Salma Hayek looked HOT tonight... and I don't usually think she's very pretty. The dress colour she had was amazing, too.


<3 Jon Stewart


----------



## baby_love (Mar 6, 2006)

CRASH WON BEST PICTURE!!!  I just saw it for the first time last night, and oh my god it was INCREDIBLE!  I think that Felicity Huffman was incredible in Transamerica, but Reese was also amazing in Walk The Line, so I wasn't too bitter.

did anyone else think that Brokeback wasn't all that?


----------



## pumpkincat210 (Mar 6, 2006)

did brokeback win alot? I didn't catch them!


----------



## lackofcolor (Mar 6, 2006)

Brokeback won for best director/script adapted.
I still cannot believe....three 6 mafia...haha too funny i love it.  

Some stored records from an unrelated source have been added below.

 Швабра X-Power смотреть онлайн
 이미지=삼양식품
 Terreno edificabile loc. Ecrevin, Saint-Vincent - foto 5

"Ever since I can remember I've been popping my collar" - everytime I hear that song I will think..oh those guys have an oscar...


----------



## cookies (Mar 6, 2006)

Quote:

   Originally Posted by *karen* 
_Salma Hayek looked HOT tonight... and I don't usually think she's very pretty. The dress colour she had was amazing, too.


<3 Jon Stewart 
	

	
	
		
		

		
		
	


	


_

 
Agreed! Love the daily show, love him!

He's so smart *and* a great actor (big daddy anyone?)...what more could one want


----------



## Chelly (Mar 6, 2006)

in my opinion
Best PArts:
Phillip Seymour Hoffman winning best actor
Reese winning best actress
Salma's Dress
JLo - she always looks stunning
kiera knightly <33
George Clooney's acceptance speech - which was phenominal comapred to most of the shit he says in public

Worst Parts
three 6 mafia
Charlize's dress
Best picture = crash? i thought capote shoulda got it
thats all i can think of


----------



## AlohaGirl (Mar 13, 2006)

I was SO happy Reese Witherspoon won (LOVE her!). I was bummed Joaquin Phoenix did not win-he was awesome in Walk the Line. That movie is my absolute favorite next to White Chicks.


----------